§ MATERIAL TO PROCESS:
+ + +

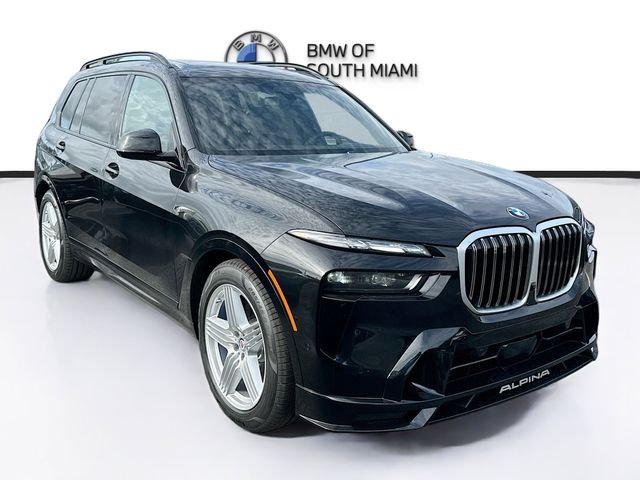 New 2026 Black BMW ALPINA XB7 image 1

+ + +

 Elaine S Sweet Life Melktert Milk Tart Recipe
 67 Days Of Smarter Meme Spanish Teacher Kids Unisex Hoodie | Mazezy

+ + +

§ PROMPT: Give back, unchanged, the run of lines in the listing above that begins at the line containing "Elaine S Sweet" and ends at the line containing "67 Days Of Smarter", both included.

§ ANSWER SECTION:
 Elaine S Sweet Life Melktert Milk Tart Recipe
 67 Days Of Smarter Meme Spanish Teacher Kids Unisex Hoodie | Mazezy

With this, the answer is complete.